Mittwoch, 25. Oktober 2017

Die Grünen sind auch nur Menschen - ganz gewöhnliche



"Wir haben 's vernudelt", twitterte der neue Grünen-Chef Werner Kogler zerknirscht. Die Wiener Vizebürgermeisterin Maria Vassilakou musste in den sozialen Medien wahre Schimpfkanonaden über sich ergehen lassen. Manche Zeitungen berichteten von Schreiduellen in der Grünen-Zentrale. Und Peter Pilz richtete via Zeitungsinterviews aus, dass ihm die grüne Partei "mittlerweile wurscht" ist.

Die Grünen sind also doch auch nur Menschen. Ganz gewöhnliche sogar, wie sich in den vergangenen Tagen zeigte. Da ist nichts von den hehren Werten in Umgang und Diskussion miteinander, die sie von anderen immer ohne Abstriche verlangten. Auch sie und ihre Parteigänger ticken nach den gleichen Mustern, wie all die anderen, die sie in besseren Tagen immer meinten kritisieren zu müssen. Bosheit ist ihnen nicht fremd. Auch nicht List und Tücke, Hinterhältigkeit und all das andere, was sie immer so gerne kritisierten. Mit der Solidarität ist das auch so eine Sache. Und auch mit dem Verhalten, das ansonsten nur die stets und so gerne an den Pranger gestellten Wirtschaftsbosse und andere Vertreter des immer so heftig kritisierten Establishments an den Tag legten. Man traute seinen Ohren nicht, als man hörte, dass Peter Pilz, über Jahrzehnte Mastermind der Grünen, nonchalant in übelster neoliberaler Boss-Manier in die Mikrofone sagte, dass er nicht daran denke, jemanden von den gekündigten Mitarbeiterinnen und Mitarbeitern aus dem Grünen Klub zu übernehmen, sondern alle Posten, die er zu vergeben hat, ausschreiben und "nur die besten aussuchen will".

Solidarität, wie sie so oft auch von ihm eingefordert wurde, schaut wohl in den Vorstellungen der meisten Menschen anders aus. Man stelle sich nur vor, wie die Grünen über ein Unternehmen geschimpft hätten, das es so gemacht hätte wie Pilz.
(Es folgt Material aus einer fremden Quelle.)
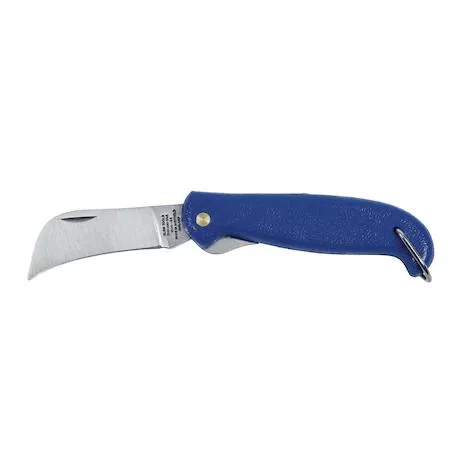 Klein Tools blue plastic folding knife with hawkbill blade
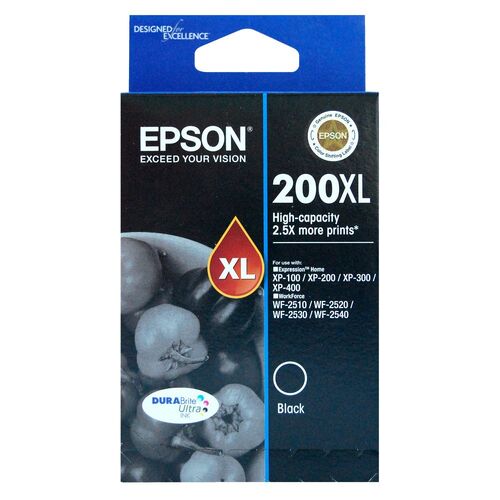 Epson Genuine 200XL Black Ink Cartridge High Yield - Black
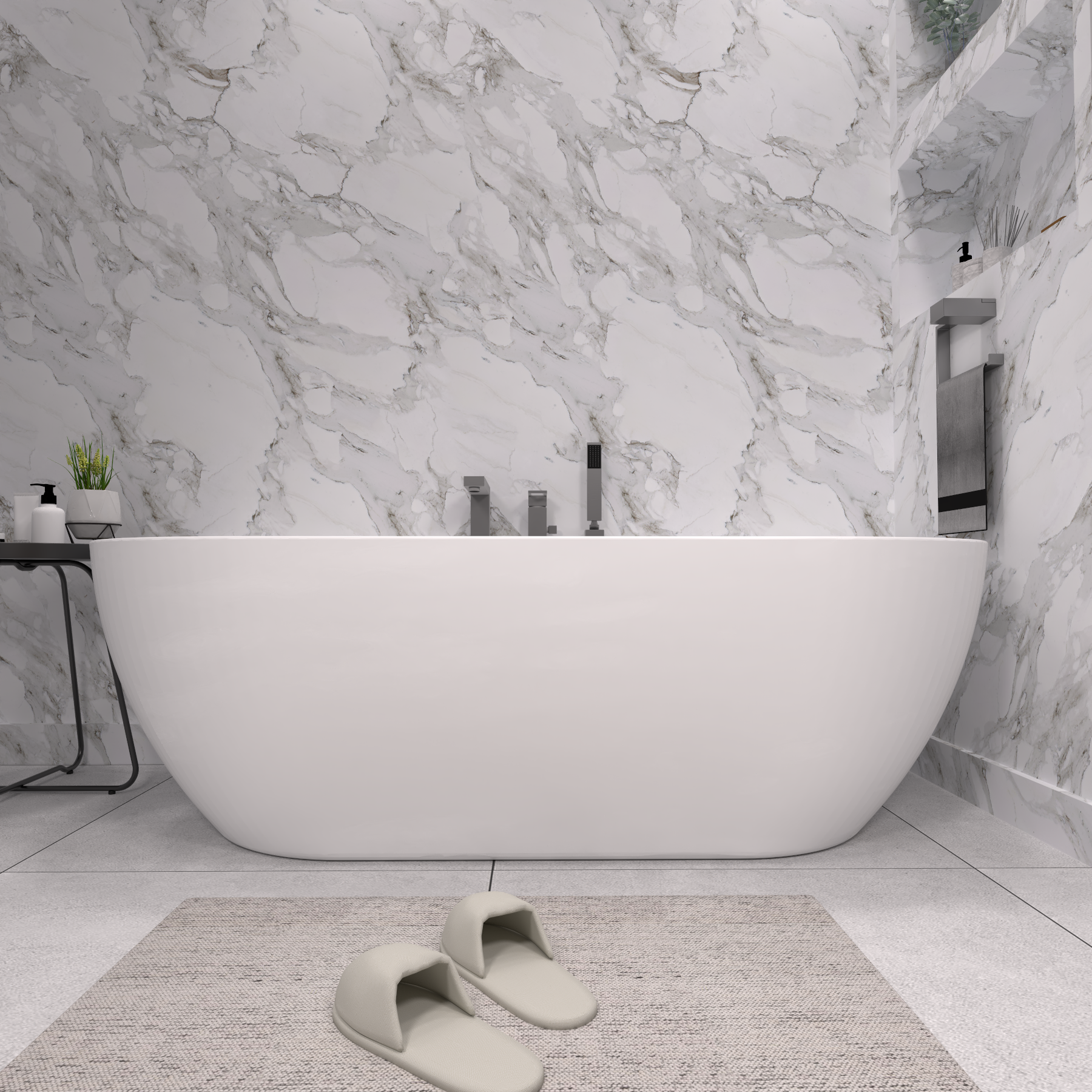 Пристенная ванна из литьевого мрамора Монца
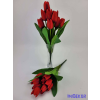 Tulipán 9 fejes selyem csokor 35 cm - Piros
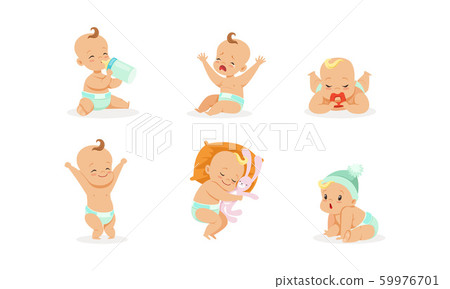 Babys daily routine. Vector illustration on a white background. Babys daily routine. Vector illustration on a white background. 59976701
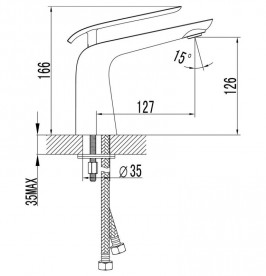 Смеситель для раковины Devit Katarina однорычажный латунь хром/белый 37511148W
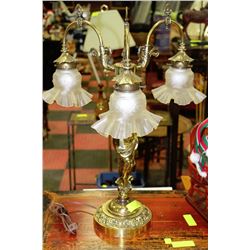 VINTAGE ESTATE BRASS 3-BULB LAMP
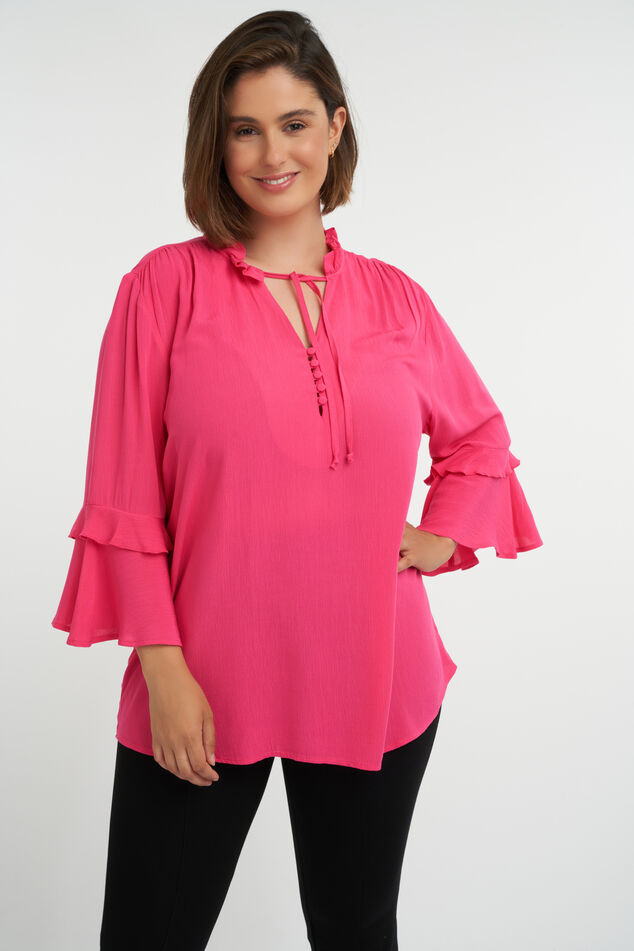Bluse mit Rüschen und Knöpfen image number 0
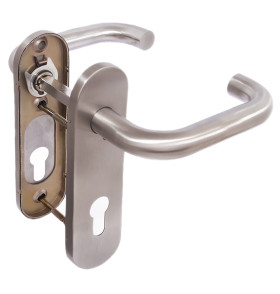 Ручка дверная FP.DH72.0433 SS 201 (DH-0433 SS 201) с пружиной,нержавейка 201, квадрат 9x140 мм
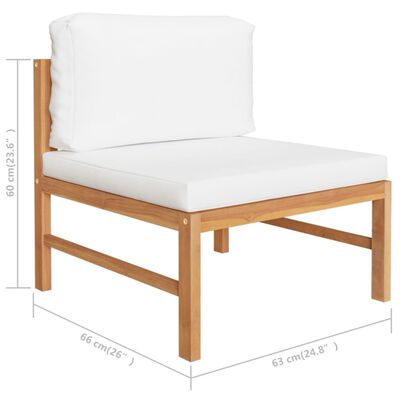 vidaXL 12 Piece Garden Lounge Set with Cream Cushions Solid Teak Wood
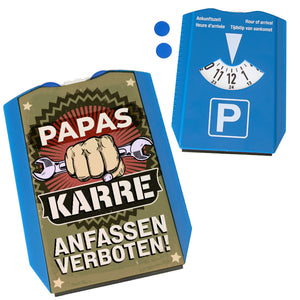 Papas Karre Anfassen Verboten Parkscheibe mit Werkzeug Motiv Einkaufswagenchips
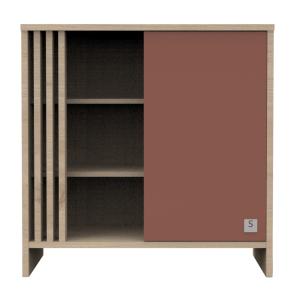 Cómoda de 1 puerta de color con 3 nichos y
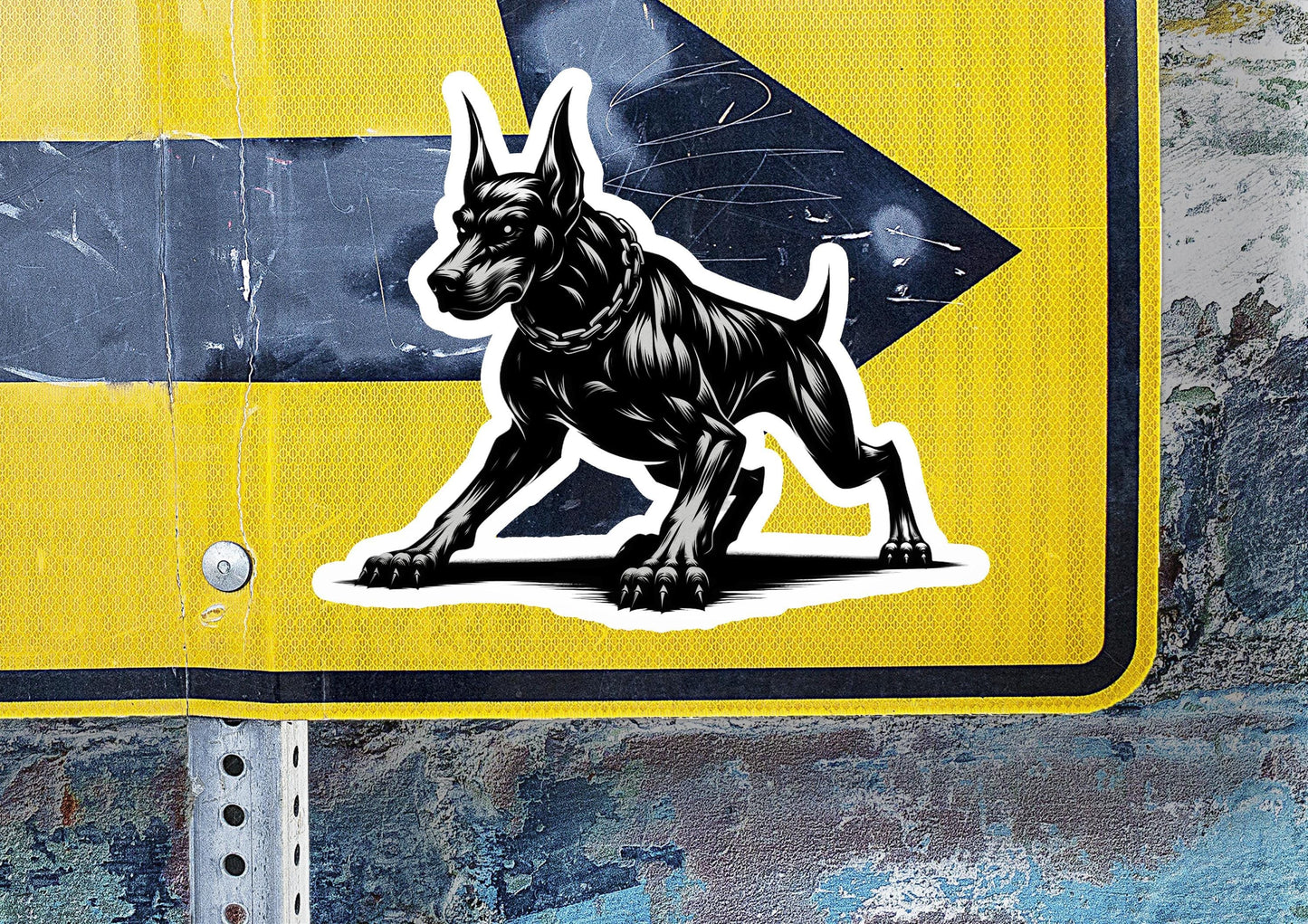 a sticker of a dog on a yellow sign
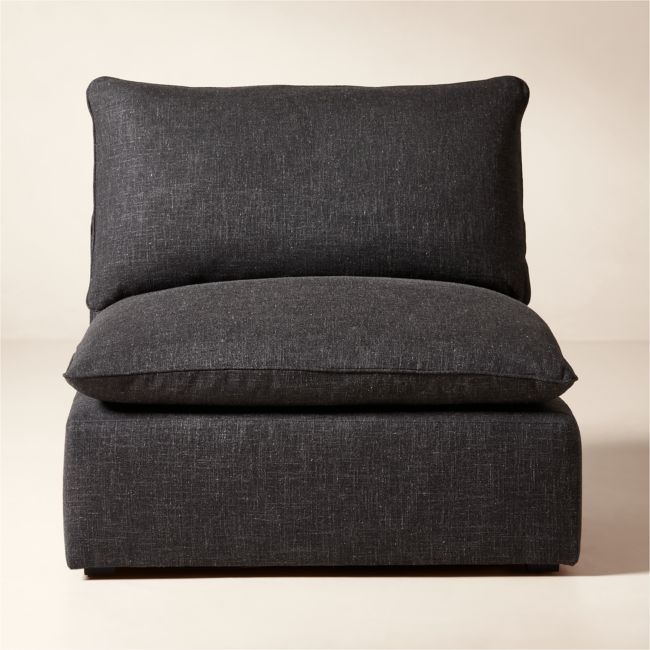 Lumis Dark Grey Performance Fabric Deep Depth Armless Chair - Image 0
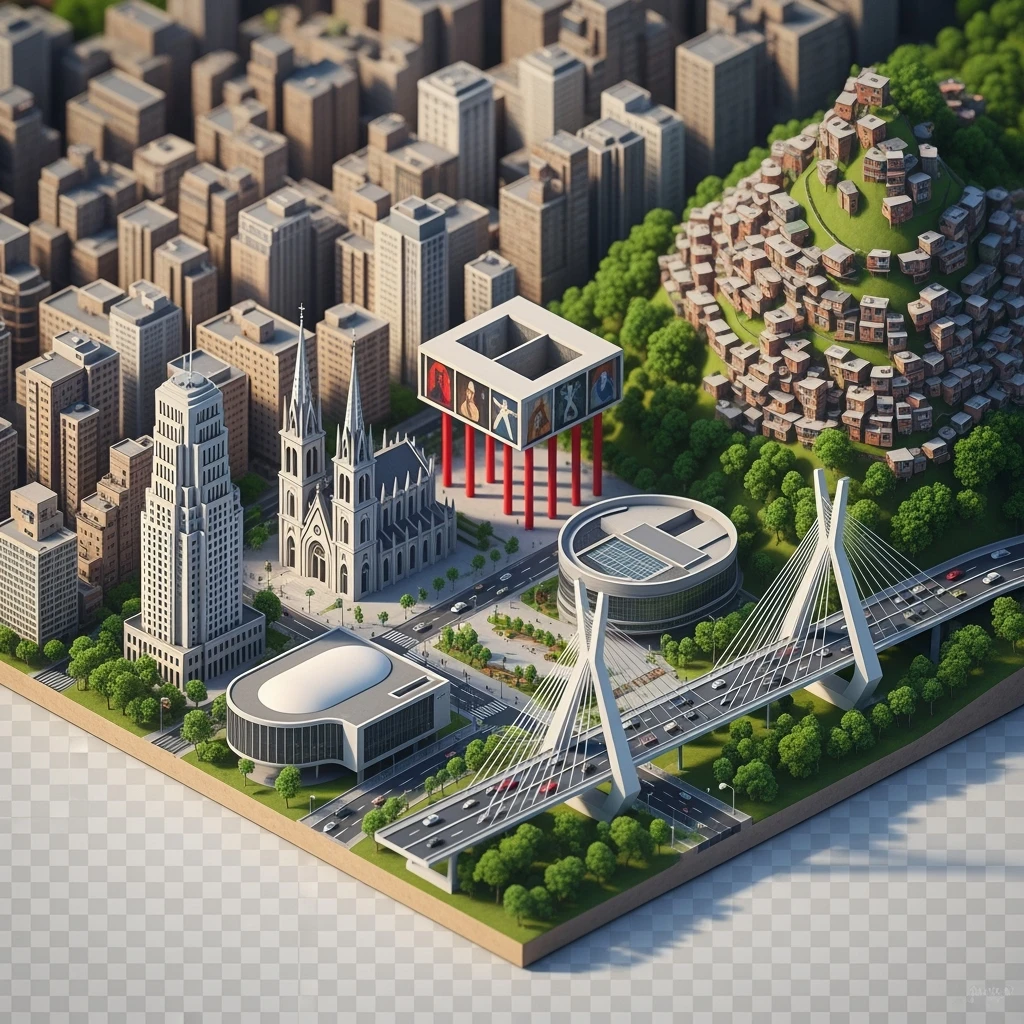 Isometric miniature of São Paulo Catedral da Sé, MASP on red pillars, Octávio Frias Bridge, and Altino Arantes building, favelas on hillsides, dense chaotic urban blocks, and green parks 3D miniature effect and Tilt Shift effect, no cartoonish look, transparent background. emoji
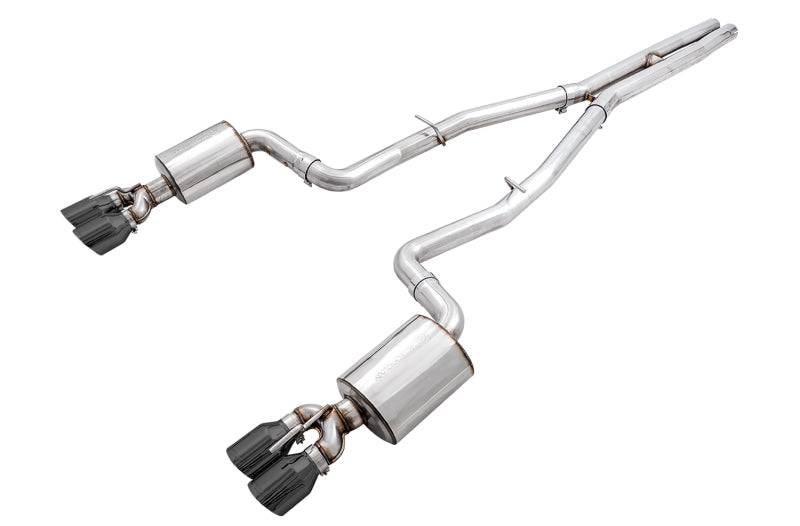 AWE Tuning 2015+ Dodge Challenger 6.4L/6.2L Non-Resonated Touring Edition Exhaust - Quad Black Tips - Striker Modified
Und wie er selbst noch vor gar nicht langer Zeit auf die Barrikaden gegangen wäre.

Die Grünen sind nicht die Ersten, bei denen das zu beobachten ist. Man kennt das auch von vielen anderen -gleich ob es einzelne Menschen sind, Organisationen oder Einrichtungen, die gerne besondere hohe moralische und ethische Ansprüche bemühen und gerne mit dem Finger auf andere zeigen. Wenn diese Ansprüche auf die Wirklichkeit treffen, tun sich schnell Abgründe auf, zumal dann, wenn die Dinge nicht rund laufen. Da sind die Prinzipien und die Grundsätze oft im Nu über Bord geworfen, da wird alles ganz schnell ganz gewöhnlich, da unterscheidet man sich mit einem Mal um keinen Deut von denen, auf die man mit dem Finger zeigte. Und da bleiben oft auch viele staunend und enttäuscht, die ihnen geglaubt und versucht haben, deren Grundsätze zu leben und dafür sogar kämpften.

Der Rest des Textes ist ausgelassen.